Work request: Scan the records beneath this line for the line holding "Un Official Hails" and the line holding "San Diego Romantic Walking Tour - Image 6", then transcribe exactly those two and all lines between.

The data:
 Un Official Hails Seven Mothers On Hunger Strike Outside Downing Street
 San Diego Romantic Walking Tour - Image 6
---
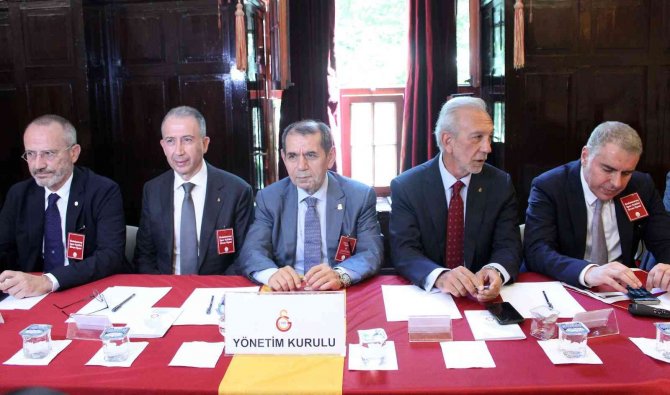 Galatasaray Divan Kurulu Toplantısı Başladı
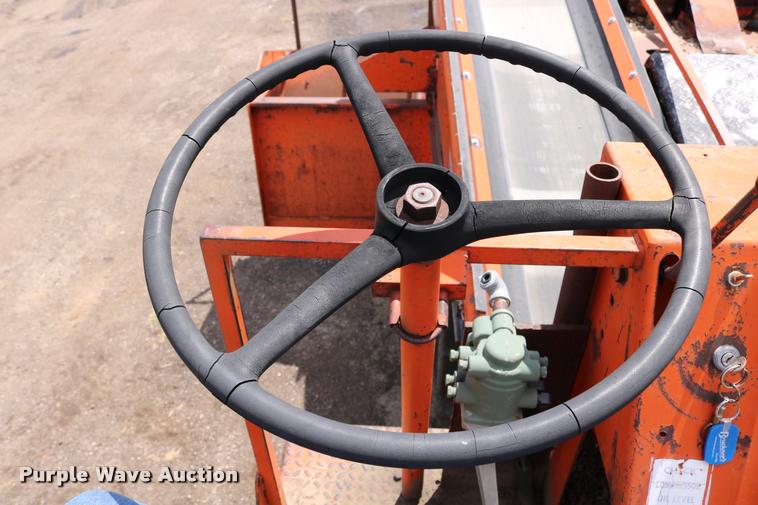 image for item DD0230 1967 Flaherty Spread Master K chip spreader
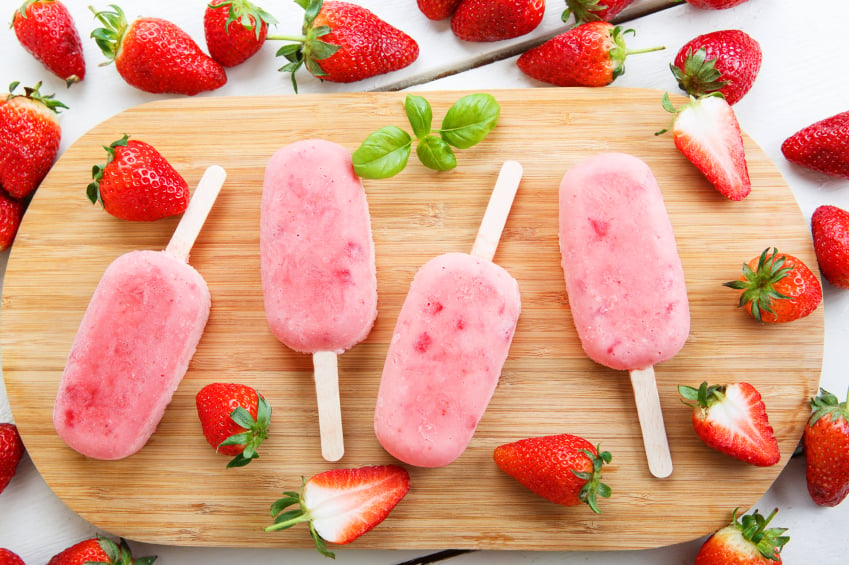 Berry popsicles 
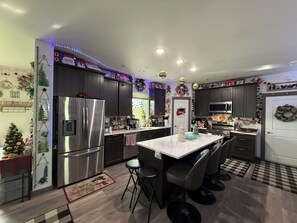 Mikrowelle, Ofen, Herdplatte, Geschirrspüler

Task answer:
 Un Official Hails Seven Mothers On Hunger Strike Outside Downing Street
 San Diego Romantic Walking Tour - Image 6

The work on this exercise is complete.